Combattre le harcèlement homophobe à l’école

“I have been a victim of homophobic bullying on many occasions, in and out of school. I have been physically and verbally insulted because of my sexuality by both teachers and students.”


"I thought about suicide. I never reported the bullying, even when I was physically assaulted, as I believed that nothing would be done about it.”

“Bullying made me feel horrible, depressed and self-hating. I ended up going to counselling for three years.”

“I had a hard time. My grades fell dramatically. I started skipping school. I often stayed in bed and cried.”

The young people quoted above are among the thousands of students around the world who are routinely denied their right to education because they endure discrimination and violence in school, based onactual or perceived sexual orientation, gender expression and gender identity.

Homophobic bullying is a global problem. It is a violation of learner’s and teacher’s rights and stands in the way quality Education for All. UN Secretary-General Ban Ki-moon has called it “a moral outrage, a grave violation of human rights and a public health crisis”.

UNESCO recognizes the scale of the problem of homophobic bullying, and is committed to stopping all forms of discrimination and gender-based violence in schools, The Organization convened the UN’s first-ever international consultation to address homophobic bullying in educational institutions in December 2011. Its findings are presented in a publication, Good Policy and Practice in HIV and Health Education – Booklet 8: Education Sector Responses to Homophobic Bullying .

The publication and its findings will be presented during a meeting on Education Sector Responses to Homophobic Bullying on 16 May 2012, which is the eve of the International Day Against Homophobia/Transphobia (IDAHO).

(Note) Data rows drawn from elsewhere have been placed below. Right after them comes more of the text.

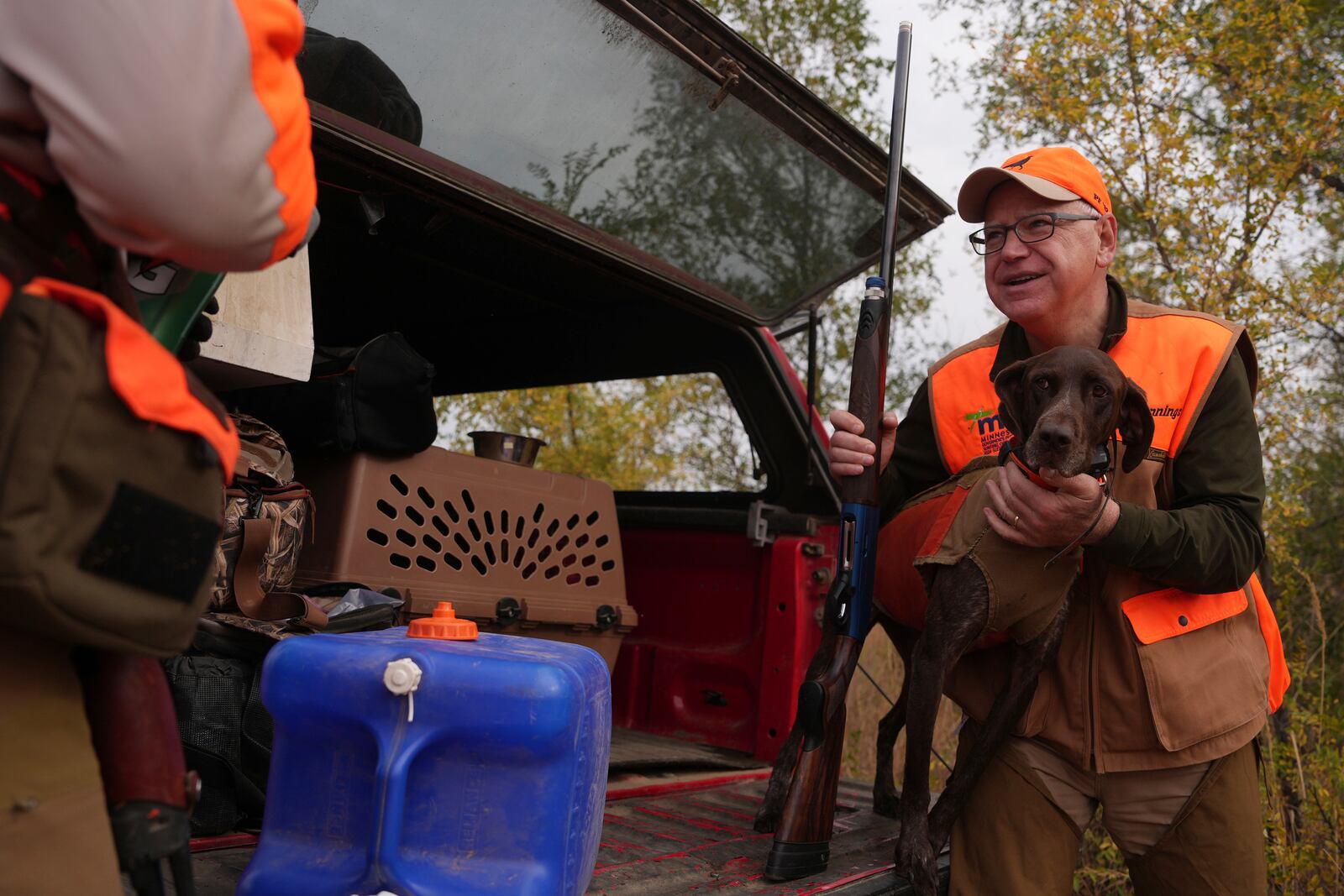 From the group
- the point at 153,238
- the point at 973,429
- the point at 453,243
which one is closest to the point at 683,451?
the point at 453,243

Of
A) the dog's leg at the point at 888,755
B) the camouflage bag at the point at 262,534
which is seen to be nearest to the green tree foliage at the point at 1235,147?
the dog's leg at the point at 888,755

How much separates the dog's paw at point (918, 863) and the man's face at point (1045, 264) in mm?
1185

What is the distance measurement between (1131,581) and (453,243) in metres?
2.13

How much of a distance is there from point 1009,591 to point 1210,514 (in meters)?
0.45

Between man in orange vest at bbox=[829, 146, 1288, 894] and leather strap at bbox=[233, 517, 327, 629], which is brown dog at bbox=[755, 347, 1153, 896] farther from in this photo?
leather strap at bbox=[233, 517, 327, 629]

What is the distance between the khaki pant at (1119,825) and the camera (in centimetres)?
226

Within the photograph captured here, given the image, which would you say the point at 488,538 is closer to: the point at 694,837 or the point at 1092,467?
the point at 694,837

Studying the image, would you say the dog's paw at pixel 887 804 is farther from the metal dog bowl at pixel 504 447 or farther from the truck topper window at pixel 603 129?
the truck topper window at pixel 603 129

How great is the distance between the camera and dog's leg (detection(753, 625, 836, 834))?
262cm

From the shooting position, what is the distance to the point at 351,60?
232cm

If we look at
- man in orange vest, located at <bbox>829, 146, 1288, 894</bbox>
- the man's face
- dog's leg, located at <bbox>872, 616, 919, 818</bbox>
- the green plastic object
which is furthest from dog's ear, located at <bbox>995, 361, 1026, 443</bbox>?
the green plastic object

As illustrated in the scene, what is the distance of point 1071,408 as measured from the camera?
2.08m

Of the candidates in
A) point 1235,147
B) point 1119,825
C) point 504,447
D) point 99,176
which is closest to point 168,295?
point 99,176

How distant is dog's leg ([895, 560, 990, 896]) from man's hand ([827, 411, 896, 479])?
40 centimetres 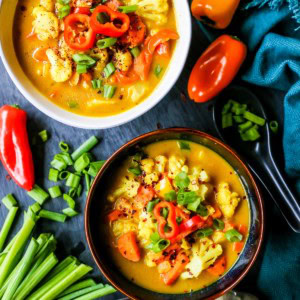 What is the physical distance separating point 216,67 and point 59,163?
1.17 meters

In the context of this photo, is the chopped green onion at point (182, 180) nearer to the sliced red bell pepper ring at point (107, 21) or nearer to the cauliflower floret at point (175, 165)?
the cauliflower floret at point (175, 165)

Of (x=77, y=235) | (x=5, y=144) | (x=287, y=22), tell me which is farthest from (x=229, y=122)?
(x=5, y=144)

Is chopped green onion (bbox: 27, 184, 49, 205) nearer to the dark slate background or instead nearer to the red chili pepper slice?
the dark slate background

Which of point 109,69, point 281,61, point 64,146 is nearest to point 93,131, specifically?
point 64,146

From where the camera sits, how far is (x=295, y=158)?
116 inches

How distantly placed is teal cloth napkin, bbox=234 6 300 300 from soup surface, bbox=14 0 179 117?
0.55 meters

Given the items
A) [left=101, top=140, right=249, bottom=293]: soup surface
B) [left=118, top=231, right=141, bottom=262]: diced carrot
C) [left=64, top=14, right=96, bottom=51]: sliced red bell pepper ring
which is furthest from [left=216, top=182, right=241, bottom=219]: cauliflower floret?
[left=64, top=14, right=96, bottom=51]: sliced red bell pepper ring

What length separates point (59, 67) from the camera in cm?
271

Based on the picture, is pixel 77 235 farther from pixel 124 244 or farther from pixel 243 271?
pixel 243 271

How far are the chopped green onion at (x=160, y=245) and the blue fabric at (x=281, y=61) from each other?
0.89 meters

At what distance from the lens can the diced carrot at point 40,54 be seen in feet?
9.06

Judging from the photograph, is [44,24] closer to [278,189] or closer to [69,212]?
[69,212]

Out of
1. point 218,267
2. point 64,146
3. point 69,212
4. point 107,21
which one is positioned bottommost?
point 218,267

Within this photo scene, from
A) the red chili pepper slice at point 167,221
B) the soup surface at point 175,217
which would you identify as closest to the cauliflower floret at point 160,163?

The theme for IDAHO this year is “Combating Homo/Transphobia In Education and Through Education”.

As IDAHO day is marked by activities in schools, the IDAHO Committee and UNESCO have co-developed a lesson plan which includes four classroom activities for different age groups (primary and secondary level) to address issues of discrimination and homophobic bullying.

The meeting will bring together key stakeholders, in particular civil society organizations from Brazil, Turkey, Europe and the U.S working on homophobic bullying issues as well as government officials from Namibia, Europe and the U.S. Participants can learn about the good practices, share ideas and discuss potential collaborations in the future.